[Data segment]
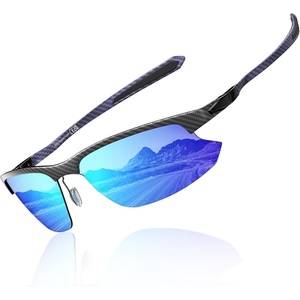 image:imageDUCO Polarized Carbon Fiber WrapAround Sunglasses for Men DC8335Gunmetal Frame Revo Blue Lens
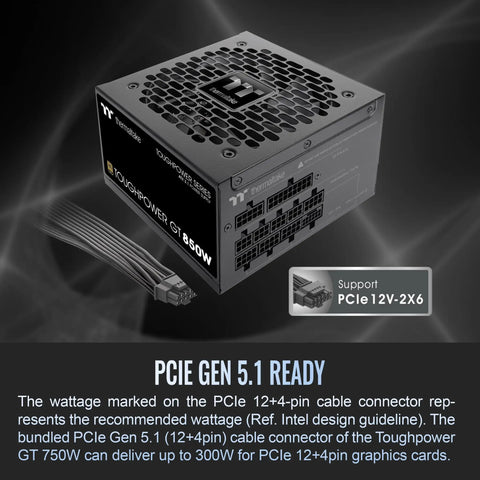Beefy 850W ATX 3.1 Power Supply With Native PCIe 5.1 Connector, 80 Plus Gold Efficiency, Smart Zero Fan, Quiet Operation, 12V 2x6 Pin Support, Rugged Build, 5 Year Warranty For High End Gaming Rigs, modular PSU with PCIe 12V-2x6 cable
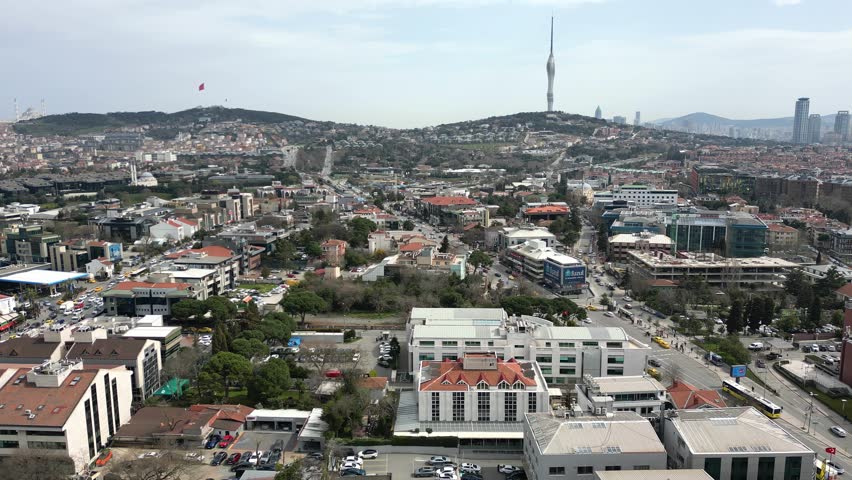 Istanbul, Turkey, March 20, 2025, Istanbul panoramic aerial view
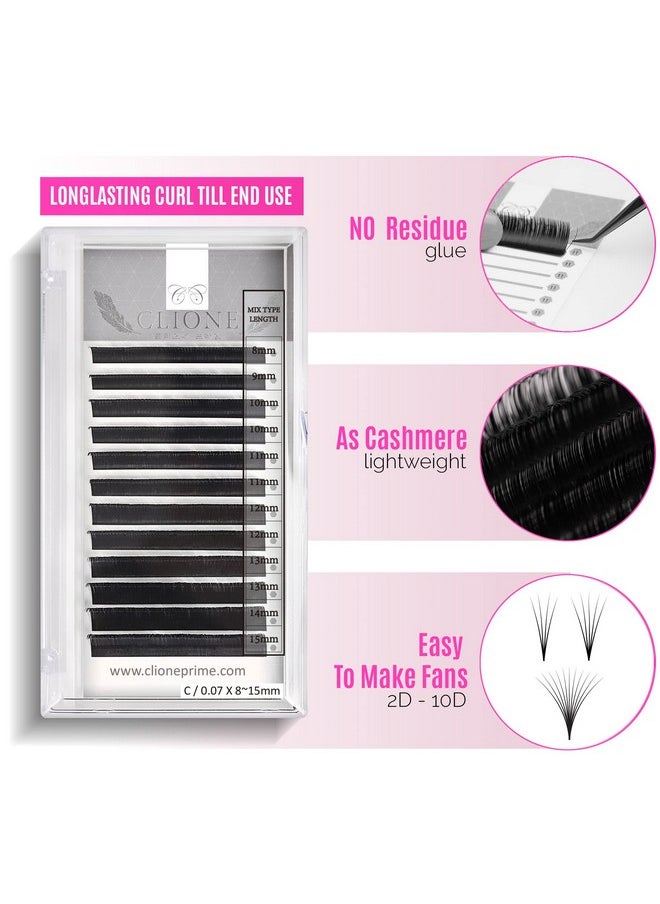CLIONE PRIME - Lash Extension Lashes 0.07 C Curl Lash Extensions 815 Mm Mixed Length Eyelash Extensions Mega Volume Lash Extensions Classic Eyelash Extension Pestañas Pelo A Pelo Profesional - Image 1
[/Data segment]
Work instruction
Wherever an image sits in the data, omit it; everything else must be copied exactly.

Answer below
 image:imageDUCO Polarized Carbon Fiber WrapAround Sunglasses for Men DC8335Gunmetal Frame Revo Blue Lens
Beefy 850W ATX 3.1 Power Supply With Native PCIe 5.1 Connector, 80 Plus Gold Efficiency, Smart Zero Fan, Quiet Operation, 12V 2x6 Pin Support, Rugged Build, 5 Year Warranty For High End Gaming Rigs, modular PSU with PCIe 12V-2x6 cable
 Istanbul, Turkey, March 20, 2025, Istanbul panoramic aerial view
CLIONE PRIME - Lash Extension Lashes 0.07 C Curl Lash Extensions 815 Mm Mixed Length Eyelash Extensions Mega Volume Lash Extensions Classic Eyelash Extension Pestañas Pelo A Pelo Profesional - Image 1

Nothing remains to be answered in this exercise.